Another cliché I’ve been contemplating lately, apart from ‘the past is a foreign country’, is ‘wherever you go, there you are’. Mainly in the context that our children make life hectic, frustrating and messy in Finland the same they did in the UK. Either I’m already looking at the past with rose-tinted glasses, or their behaviour had changed since we arrived, but they have been doing their best to drive me nuts. I’m chalking it up to the big life change. I just don’t understand why you have to react to big life changes with whining, screaming and disobedience – why not sit in front of the window quietly and contemplate your new circumstances? Just an idea…

I will destabilise you, as I have been destabilised

Here’s an exchange I overheard and recorded for posterity. Cal had been rushing home from nursery, partly carrying the smaller boy because he told him that he’d done a poo.

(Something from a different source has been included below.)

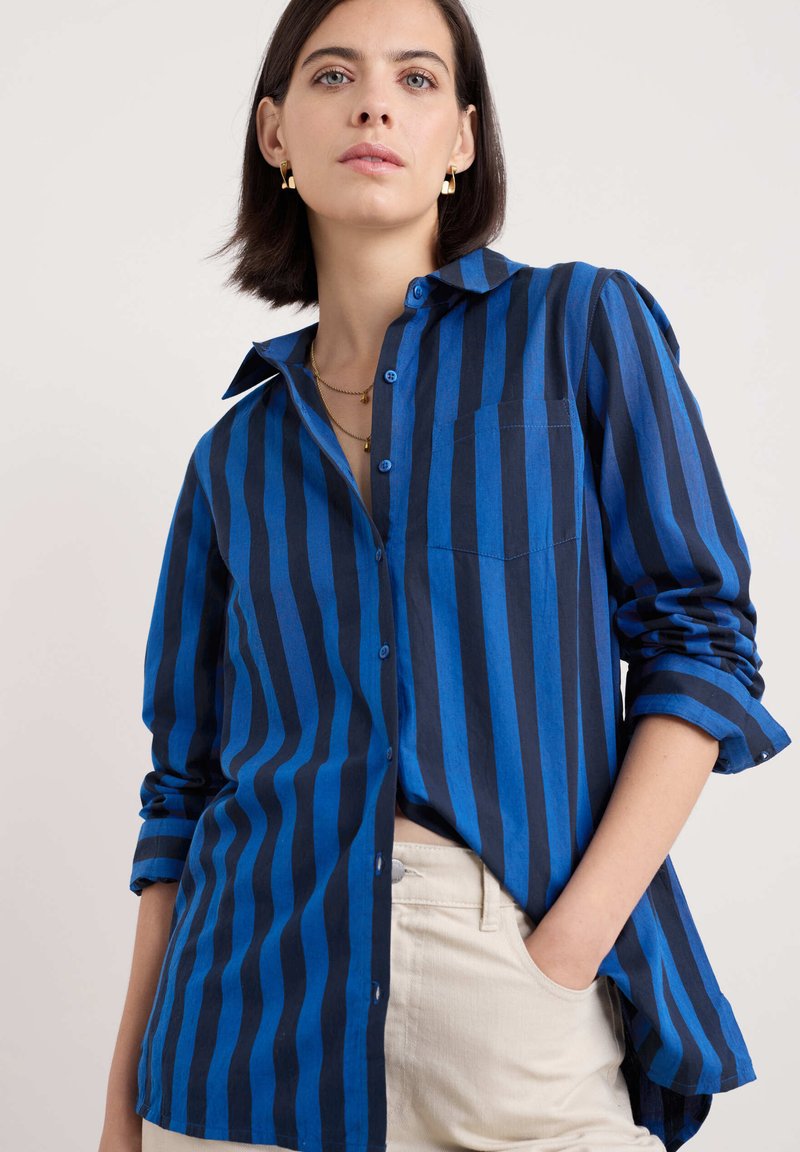 Camicia a strisce blu con audaci strisce verticali di varie tonalità, davanti con bottoni, colletto e una tasca sul petto.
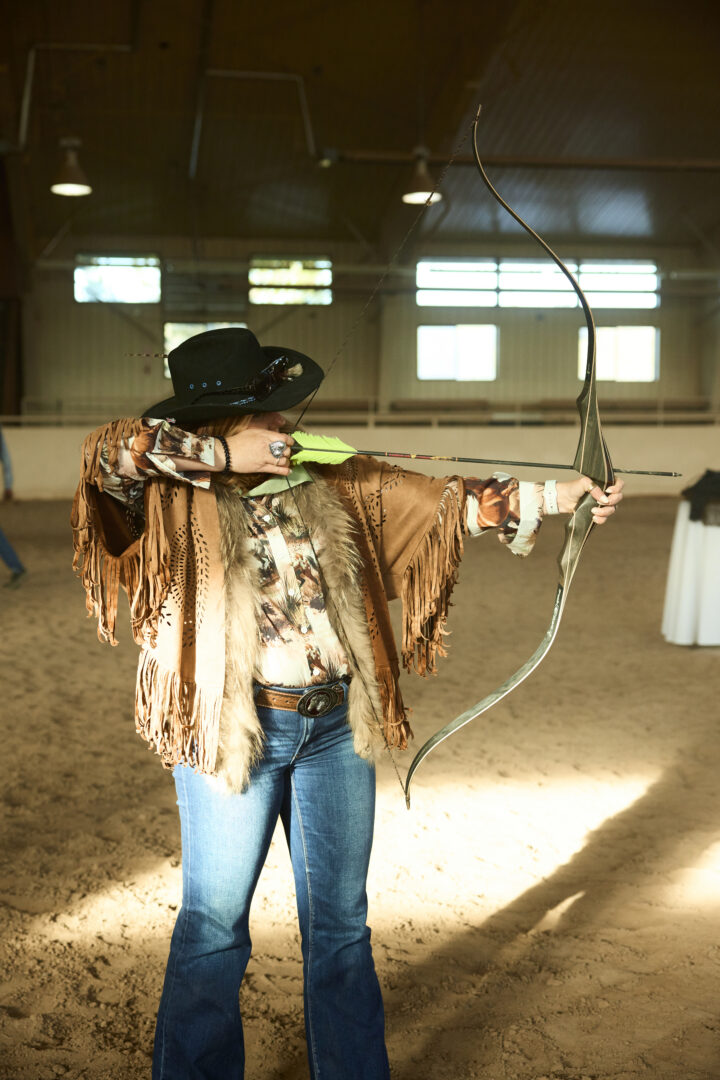 Woman shooting a bow and arrow inside of an arena.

Cal: Now, 2yo, you have a poo so we’ll change your nappy.
3yo: Let’s check him. [goes to peer in 2yo’s trousers]
2yo: No! That my bum!
Cal: Leave him be, he doesn’t need checking. Could you get me a new nappy?
[3yo doesn’t. Cal goes to get it.]
3yo: No! I do it!
[Cal lays 2yo down on the changing mat and opens the nappy.]
Cal: There’s no poo here!
2yo: Why?
Cal: I don’t know why.


Finland is nice. The supermarkets are especially nice. There is one near us that is supposedly the low-end one, but it’s a gleaming oasis of pretentious teas and fruit I’ve heard of but never tasted. We did move to a rich-y area of Espoo – once we venture out more to Helsinki I’m sure we’ll see some more grotty bits. And hopefully some more grotty children, I’m getting anxiety about dressing my children in mainly mismatched second-hand clothes with the guiding principle that if there is enough fabric to cover most of the intended area, it is okay.

The parents here might be of the helicopter persuasion in general. I was in a shopping centre yesterday and there was a glass wall overlooking a central atrium. A mother was passing through with her two children, one of whom was interested in seeing what it looked like close up. The mother said, ‘Come away from there, you could fall.’